When someone throws a spear at you while you’re quietly playing the harp for him, you know it’s time to run. (See, Watch Out, David!)
Saul decides to send men to David’s house to watch and then kill him the next morning. Saul’s daughter, Michal, who is also David’s wife, finds out about the plan. She warns David,
“If you don’t run for your life tonight, tomorrow you will be killed.” I Samuel 19:11
Micah lets David down through the window and off he goes to begin a lengthy time of escape.
David runs to Samuel, the prophet, who first anointed him to be the next king, but David is far away from being king. When Saul discovers David’s whereabouts, he sends men to pursue him.
David finds Jonathan, Saul’s son. They have become friends, but Jonathan can’t believe his father would be so cruel as to pursue David. Later, when Saul throws a spear at Jonathan, he realizes his father has gone mad. He continues to pledge friendship to David.
David escapes to a priest at Nod and receives bread and the spear that belonged to Goliath. He flees to Gath, but becomes suspect of the the king there, so off to the cave of Adullam. David’s prayer is found in Psalm 142 where he pleads with God for help.
“I cry to you Lord; you are my refuge.” Psalm 142:5
He is able to gather a motley crew of men around him.
All those who were in distress or in debt or discontented gathered around him, and he became their leader, about four hundred men. I Samuel 22:2
The prophet Gad tells David to go back to Judah, so David flees to the forest of Hereth.
Meanwhile, Saul discovers that David has been to the priest at Nod and sends for the priest. All eighty-five priests come and are chastised for rebelling against Saul. They defend David which sends Saul into a tailspin. He demands that his men kill all the priests. When they refuse, Saul commands Doeg the Edomite to do the dirty work plus kill the whole town of Nod.
One son of a priest escapes and tells David what has happened. David promises protection. Meanwhile, he discovers that the Philistines are about to overtake the town of Keilah.

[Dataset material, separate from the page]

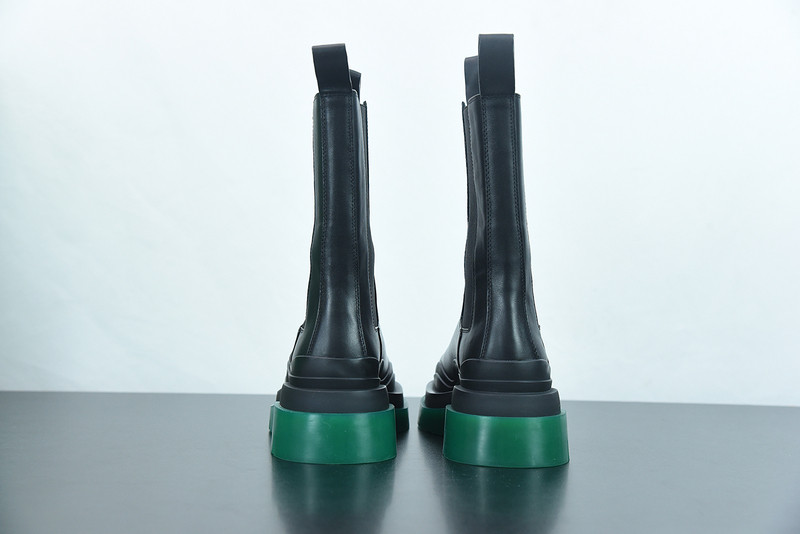 BOTTEGA VENETA SNEAKER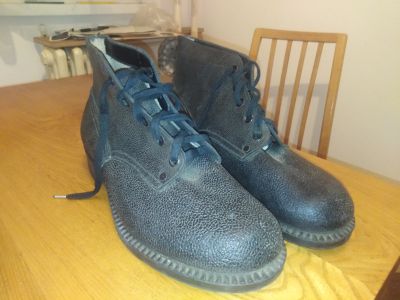 Nové retro pracovní boty 26,5 cm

He inquires of the Lord if he should go into battle for them and receives word to go.
As you can see, David is on the run, but he continues to show signs of leadership. He is resourceful and discerning; he attracts an army of men, continues to defend his people, and seeks God’s strength and purpose in his life.
There’s more running to do, but let’s think about our own running. Maybe not from an enemy, but we often do a lot of running here and there, accomplishing tasks, pleasing people, keeping schedules, tending to messes and on and on.
What lessons can we learn as we go? Lessons of resourcefulness and discernment? Opportunities to seek God’s guidance and further purposes in our lives?
Grow us, Lord—even when we’re on the run.